ClickHouse has core integrations from common sources such as Kafka and S3. It recently introduced greater ability to handle semi-structured data using the JSON Object type and automatic schema inference.

Rockset vs ClickHouse Performance

Performance
Rockset
ClickHouse
Updates
Documents are mutable and can be updated at the field level
• Writes to immutable files • Updates rewrite and merge data files asynchronously • Frequent updates are not recommended due to potential for large rewrites
Indexing
• Converged Index (row, columnar and inverted index) built on all data by default • All queries are resolved through the index
• Primary indexes use sparse indexing on data ordered by primary key • Secondary data skipping indexes
Query latency
50-1000ms queries on 100s of TB
Sub-100ms to seconds, optimized for large-scale aggregations
Storage format
Converged Index, comprising a rowstore, columnstore and inverted index
• Column-oriented • Heavily compressed to minimize storage footprint
Streaming ingest
• Ingests on a per-record basis • Data latency is typically 1-2 seconds
Recommends inserting in batches of >1000 rows and <1 insert per second

Rockset is designed to make streaming data queryable as quickly as possible by avoiding the need to batch data. It also updates documents efficiently by only reindexing fields that are part of an update request. Rockset indexes all data by default, which results in storage amplification but also enables low-latency queries that require less compute.

ClickHouse leverages column orientation and heavy compression for better performance on analytics workloads.

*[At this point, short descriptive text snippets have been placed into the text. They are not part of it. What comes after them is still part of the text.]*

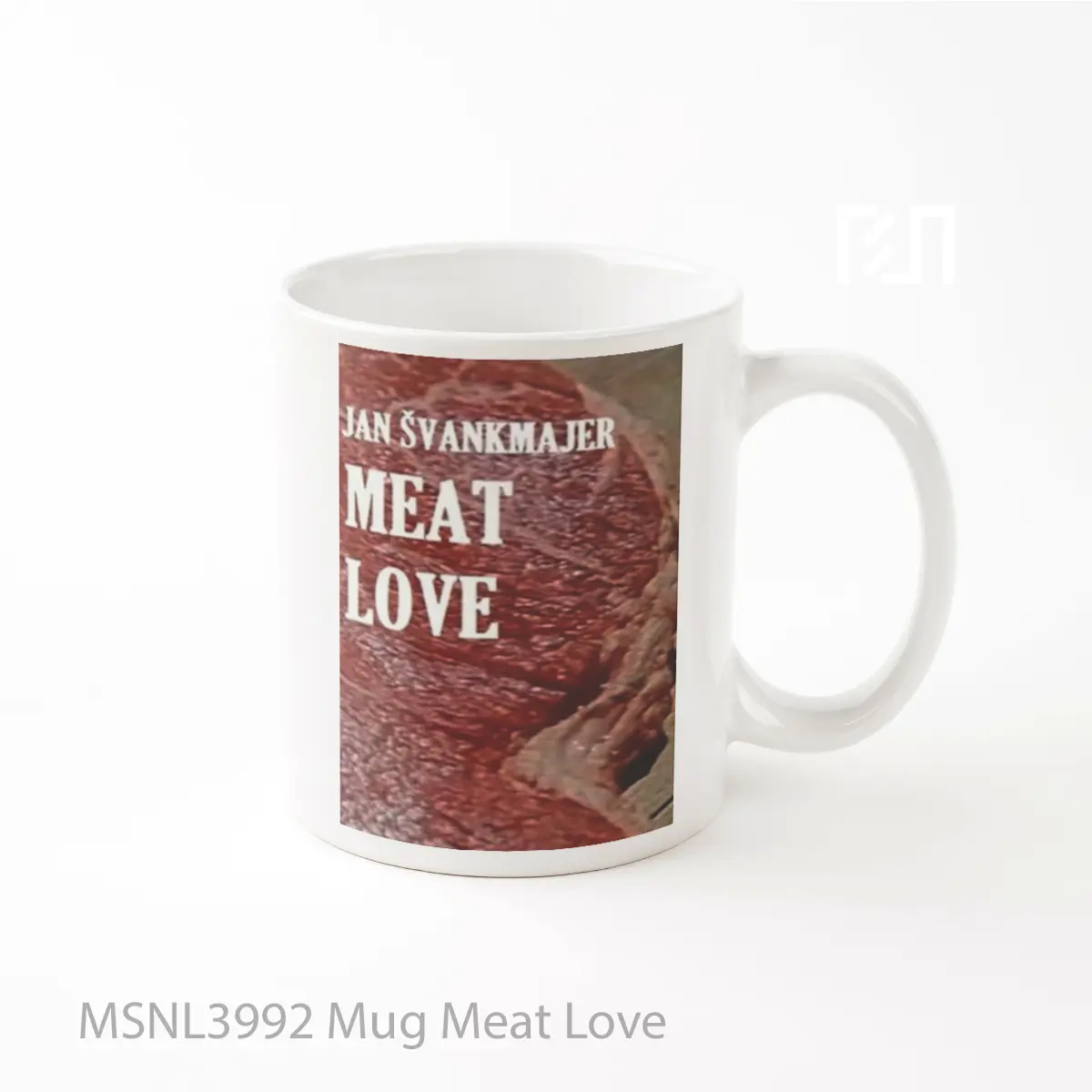 Mug Meat Love Gelas Keramik Tema Film MSNL3992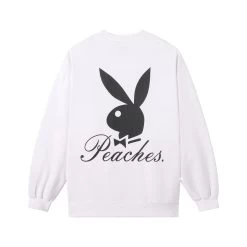 Playboy X Peaches Script Crewneck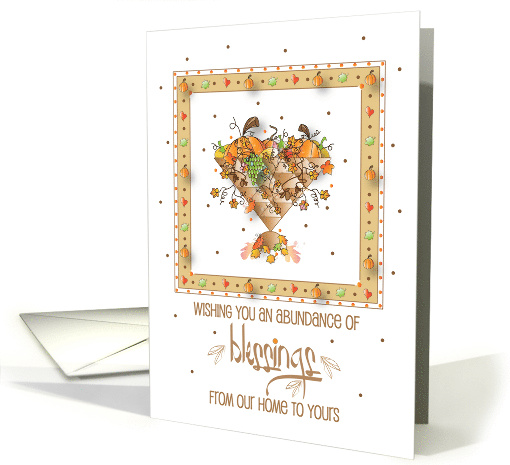 Hand Lettered Thanksgiving Cornucopia From Our Home to Yours card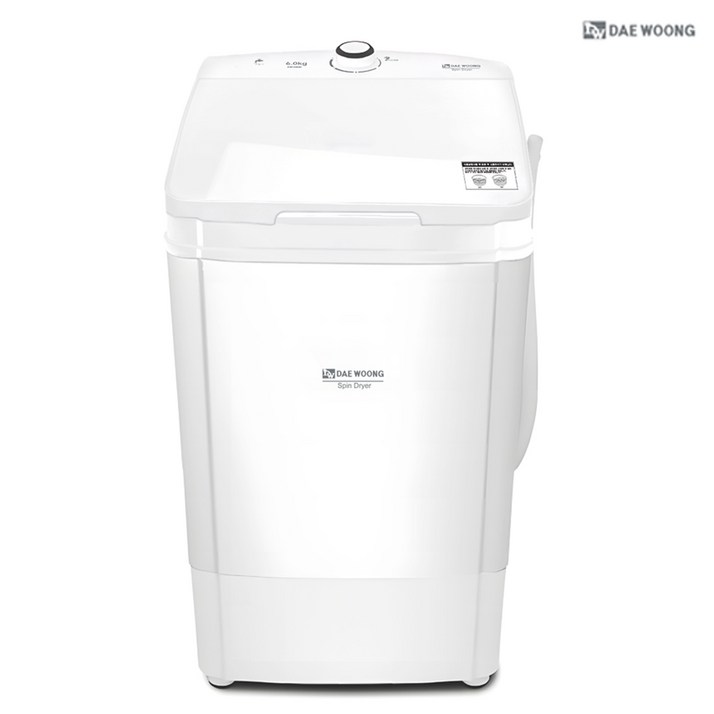 대웅모닝컴 6kg 대용량 스텐 탈수기 DWN820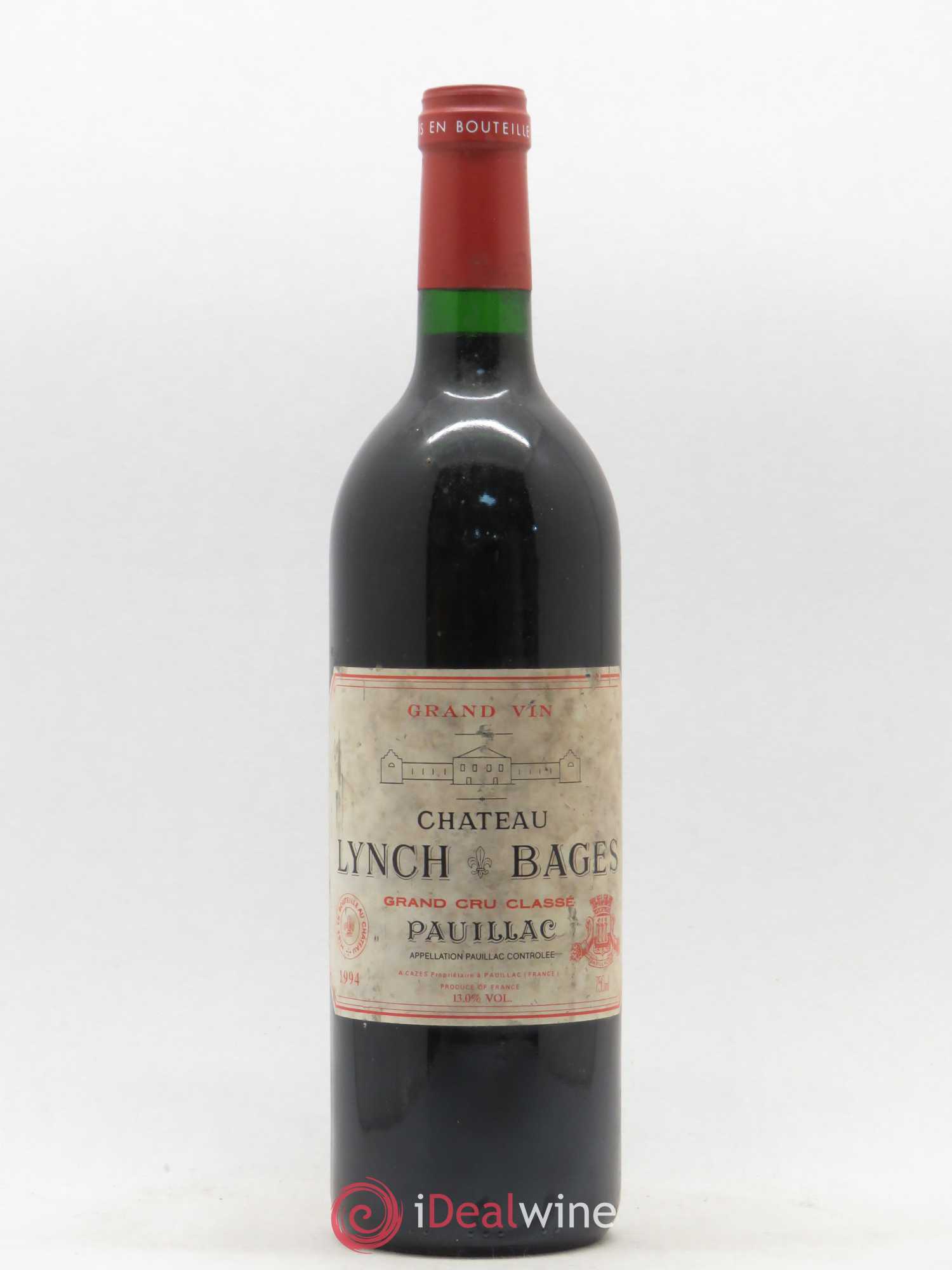 Château Lynch Bages 5ème Grand Cru Classé 1994 - Lot de 1 bouteille - 0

It also uses indexing to accelerate queries as well. While ClickHouse use cases often involve streaming data from Kafka, batching data is recommended for efficient ingestion.


Rockset vs ClickHouse Queries

Queries
Rockset
ClickHouse
Joins
Yes
Yes
Query language
SQL - with extensions for nested data
SQL
Developer tooling
• Data APIs - saved SQL queries executed via REST endpoint • Python, Java, Node.js and Go SDKs • UDFs
• API for querying SQL via POST command • Python, Java, Node.js and Go language clients
Visualization tools
Integrations with Tableau, Looker, Grafana, Superset, Power BI, Retoolwhic
Integrations with Metabase, Superset, Grafana, Tableau, Deepnote and Rocket BI

Rockset supports SQL as its native query language and can perform SQL joins. Users can create data APIs by storing SQL queries in Rockset that are executed from dedicated REST endpoints. Rockset integrates with some common visualization tools, but BI is not Rockset’s primary use case.

ClickHouse uses SQL for querying, with support for SQL joins. ClickHouse integrates with some common tools for visual analytics, including Superset, Grafana and Tableau.


Rockset vs ClickHouse Scalability

Scalability
Rockset
ClickHouse
Vertical scaling
Resize compute clusters (Virtual Instances) via API or in the console
Scale up single-node ClickHouse for vertical scaling
Horizontal scaling
• Add or remove compute clusters (Virtual Instances) via API or in the console • Scale out compute clusters for higher concurrency • Use separate compute clusters to isolate ingest from query or for multiple isolated applications • No rebalancing required
• Compute and storage scaled in lockstep • Data rebalanced to populate newly added nodes • Cloud offerings automate some of the scaling and rebalancing effort

Rockset Virtual Instances are distributed compute clusters that can be scaled up for faster queries or scaled out for practically unlimited concurrency or if compute isolation is needed. Rockset has shared storage that scales automatically and independently, so no rebalancing is required.

ClickHouse can be used in both single-node and distributed modes. Tight coupling of compute and storage and the need to rebalance data make scaling out more complex, but cloud versions of ClickHouse help automate this process.